By encouraging us to dance, Coffey also reminds us that we must pray and go deep within ourselves to find not just the rules of the institutional Church but God’s truth for each one of us. Again and again, this wisdom is linked to the experience of Jesus, who also lived on the margins, ignoring the religious conventions of his day, talking with a Samaritan woman, touching a dead body, healing the sick on the Sabbath. If we go deep into the Spirit of God within, we find that we can live a fully spiritual life because God is present in us, even when it appears God is nowhere to be found at the parish, in the diocese or at the Vatican.
In addition to descriptions of those hurt, dismissed, or ignored by the institution, Dancing at the Margins offers poetry and gentle meditations on healing. And at the end of each chapter Coffey provides questions for study and reflection. Especially for those recently hurt by the institutional Church, this material could be quite useful, helping them to join the many men and women in and out of the institutional Church who have found a space to seek the holy in their own way.
For those of us who have been living on the margins for a long time, however, this book really does not provide the hope and inspiration for which we yearn. The stories are inspiring, but they are all too familiar. There are just too many of us living ‘on the margins” because the institutional Church is abusive. As one woman quoted in Dancing at the Margins suggests, some of us are no longer satisfied with being marginalized.
“Something about being Catholic is etched on my soul,” she says( 142).

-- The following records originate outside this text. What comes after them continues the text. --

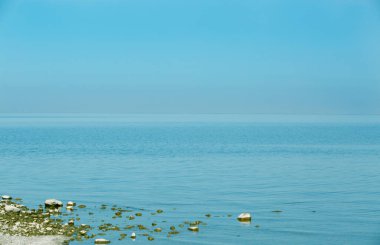 Sabahın erken saatlerinde, sakin, sakin göl manzarası, seyahat, tatil geçmişi.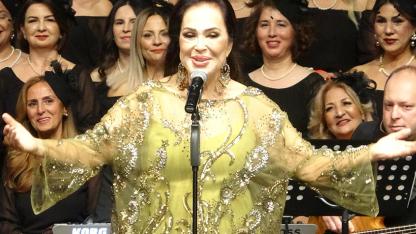 Türkan Şoray, ‘İyilik Korosu’ ile Mersin’de sanatseverlerle buluştu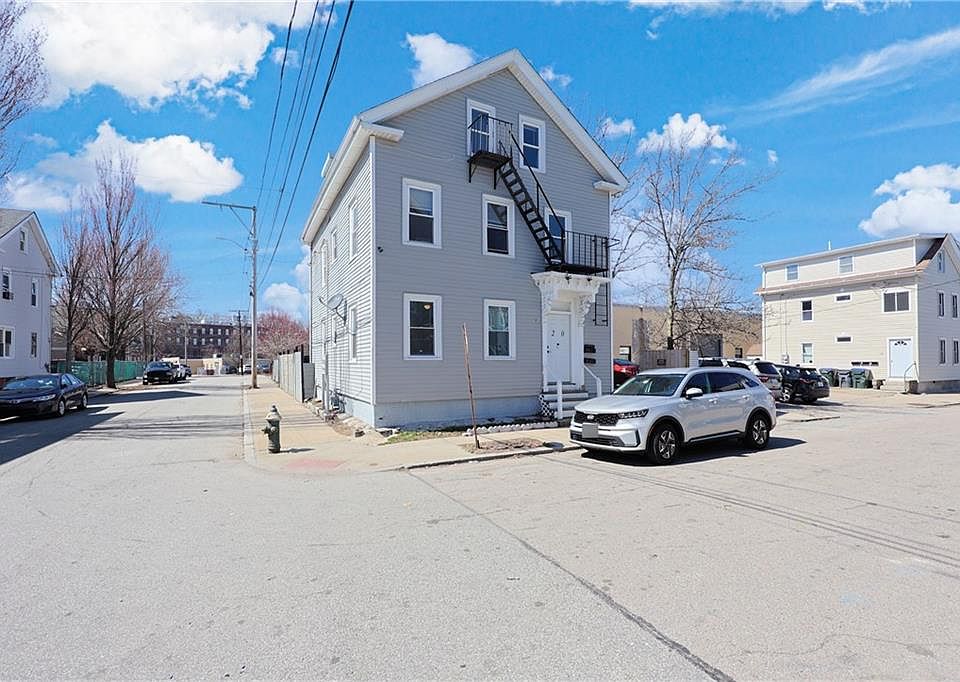 1st image of 20 De Soto St
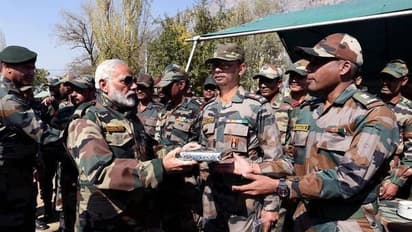 केदारेश्वर की पूजा के बाद पीएम मोदी ने सैनिकों के साथ मनाई दिवाली, देखिए झलकियां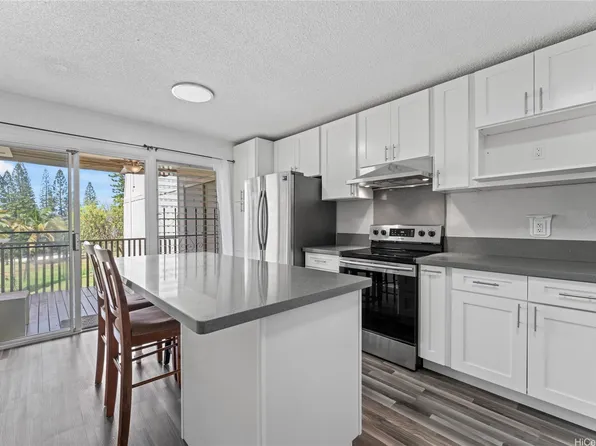 98-685 Kaonohi St APT E, Aiea, HI 96701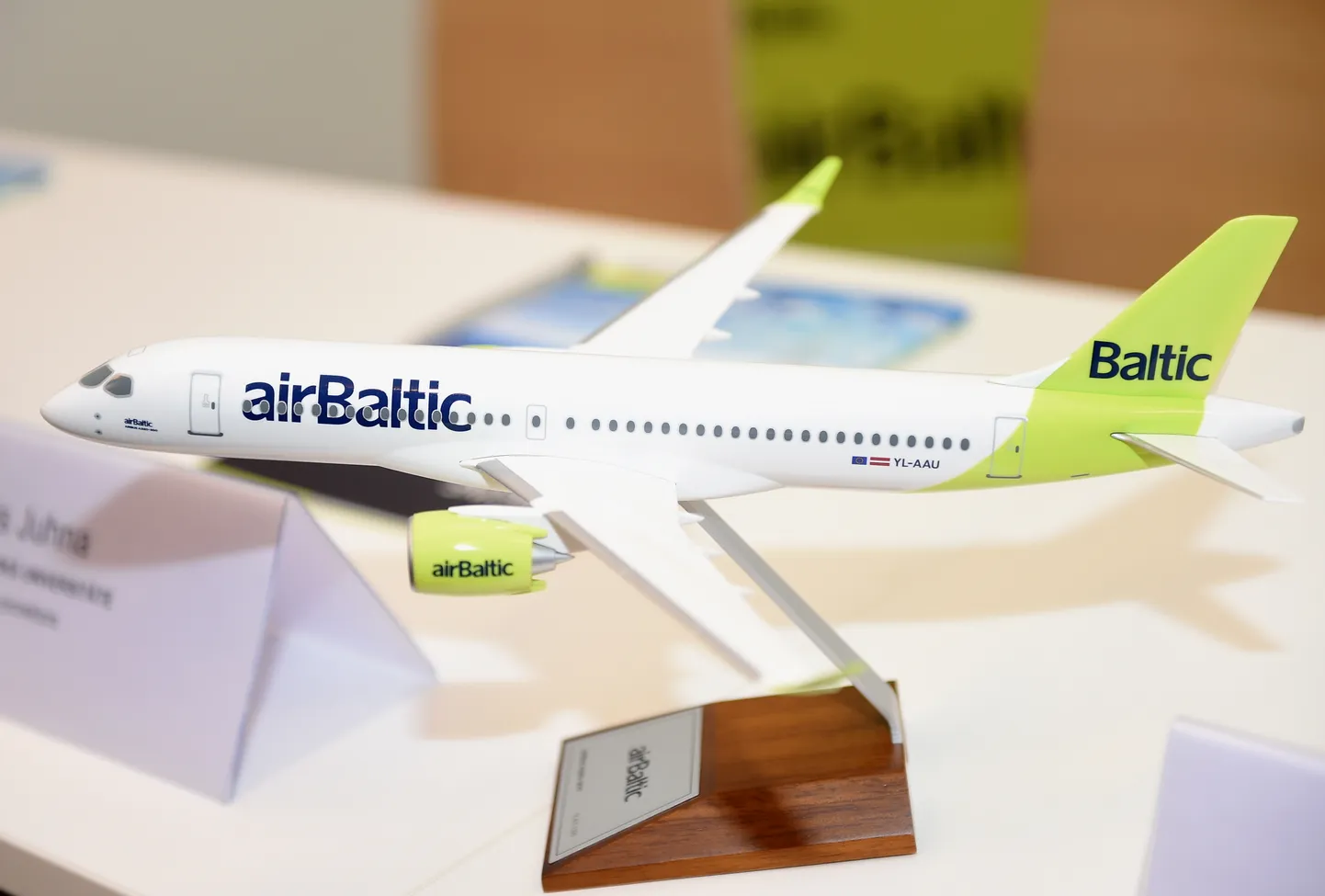 Модель самолета airBaltic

Where can I find a book of meditations that will give me courage, daring, boldness and resolution to believe in and work toward a Church that is open, just and inclusive? What I`m looking for is a strong statement about my right to speak and to do what is just even if the Church fathers do not agree, I may sometimes welcome a meditation that inspires me to dancing. At other times l need one that leads to speaking clearly or disagreeing or even jumping up and down and shouting out loud.